Wed 11 Mar 2009
Sylvia Orman was my wife Judy’s mother, and she died this morning around 9 am.
She was 96 years old. Every year you expect there will be another birthday, but this year there won’t be. We never lost hope, but when you’re that age and small problems begin, they start to add up quickly. She’d had a pacemaker installed about three weeks ago and was doing well in physical therapy until she got a viral infection which turned to pneumonia, and she had to return to the hospital.
We saw her yesterday afternoon, which is when we said our last goodbyes. She was heavily sedated but she squeezed Judy’s hand when she talked to her, so we think she knew we were there.
We’re sad today, of course, and still shaken up a little, but we’re glad that we had her living close by for so long. She lived in an assisted living facility, but until the end she was very independent and did everything pretty much on her own.
Did the usual mother-in-law jokes apply?

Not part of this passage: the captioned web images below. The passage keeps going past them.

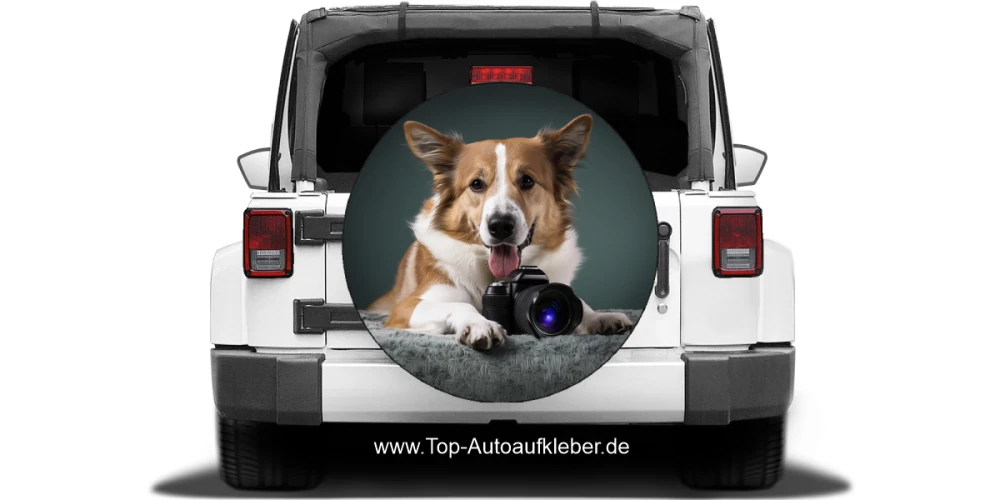 Auto Klebefolie Eigenes Hundefoto auf heller Ersatzradabdeckung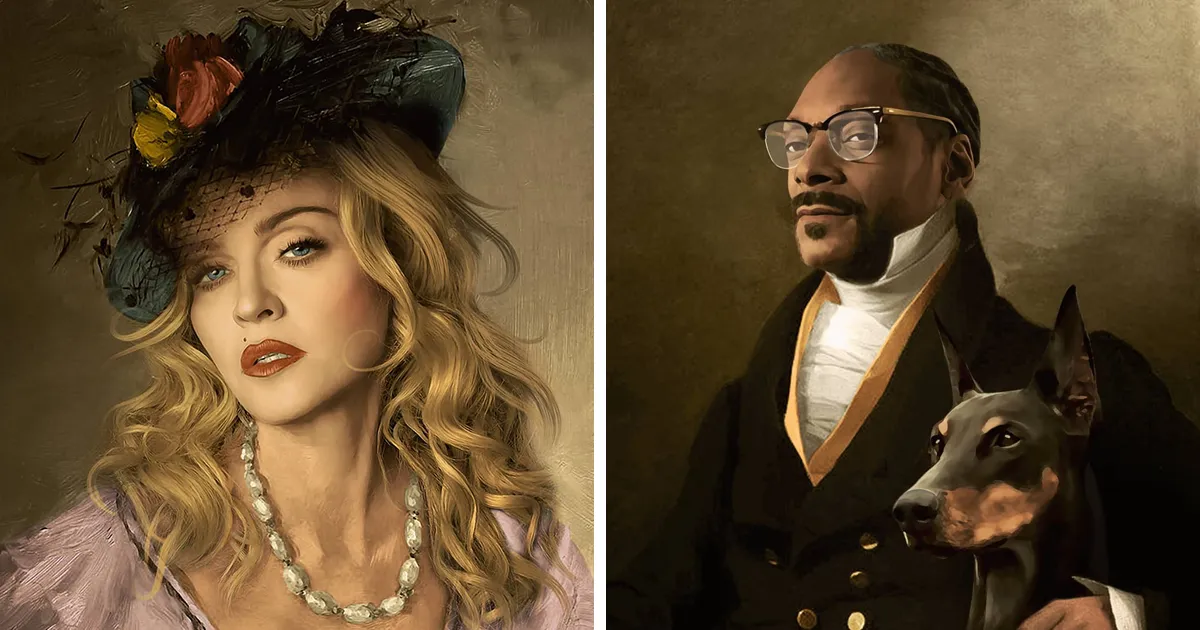 Este artista francés transformó a celebridades y personajes en pinturas clásicas (30 imágenes)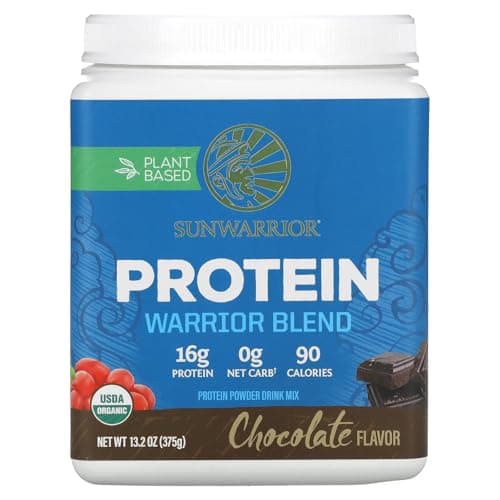 Image of Sunwarrior - Warrior Blend High Performance| Plant-Based | Keto-Friendly |Vegan |Organic Protein Powder Chocolate 375 g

Not once. Not ever.
March 11th, 2009 at 7:00 pm
Our condolences to you and
your family, Steve.
March 11th, 2009 at 7:22 pm
Sylvia was a very special person. My folks thought she was amazing and are greatly saddened to hear of her passing. We’ll all miss her very much. May we all live so well and so long.
March 11th, 2009 at 8:01 pm
My condolences to you and your family. I had a great mother-in-law too, and stayed close after my wife’s unexpected death. All the stupid jokes and cliches aside some times you get lucky and more than one wonderful person enters your life when you marry.
All my sympathy for you and yours.
March 11th, 2009 at 8:22 pm
So much like what happened with my mother last month. I ache for your family.
March 11th, 2009 at 10:24 pm
My sincerest condolences, Steve.
March 12th, 2009 at 4:18 am
My thoughts are with you at this time.
March 12th, 2009 at 5:22 am
I’m sorry about you and your wife’s loss, Steve. Losing a relative who has lived to an advanced age is always tough because then you have lost a connection with another world and time. The world of 1912 was a completely different place from the period we are living in now. I’m pretty sure our present suffers in comparison with 1912.
March 12th, 2009 at 8:00 am
Sorry to hear about that, Steve.
March 12th, 2009 at 10:38 am
Thanks to all who’ve left messages or have emailed me privately. No matter how ready you think you are for someone leaving your life, you’re never really ready, and your thoughts and kind words have been very helpful.
What Walker said struck me in particular, since I was thinking along the same lines when I woke up this morning, even before I saw the comment he left.
Sylvia often talked about the past, but largely in terms of her friends and family as she was growing up, mostly the latter, as she was part of a large extended family.
What occurred to me this morning was that we never really asked her more general questions, such as what life was like in, say, the 20s and early 30s, when she was growing up and as a teenager.
As older people die, as Walker says, we lose connections to the past like this. History books give the big picture and talk about the big events, but seldom is there time in the usual school curriculum to go into the smaller details of what life was really like when those bigger events are going on, maybe even far away and unnoticed by youngsters.
I don’t think that life was any easier in 1912, Walker, but it was different, less stressful in some ways and more so in others, and even richer, I agree, in many ways.
— Steve
March 12th, 2009 at 11:58 am
Steve, what prompted my comment was somewhat the same sad event that you and your wife are going through now. My wife’s father died a couple years ago, also in his 90’s and living independently in a senior housing complex. He was ok until a couple months before his death when he started to have internal bleeding problems and the doctors simply said his body was wearing out.
But the last few years of his life I had dozens of conversations with him about life in the Trenton, NJ area during the 1920’s and 1930’s. He was a fount of interesting information about silent movies and the theaters, B-western movies, major league and minor league baseball, and most interesting of all to me, the buying and reading of pulp magazines. Not only what he read but what his fellow workers at Roebling Steel read.
I miss our conversations more than I can say and wish he was still around to talk with me about baseball, old movies, and pulps. Once our old friends and relatives pass on there is an empty spot in our lives that can never be filled again.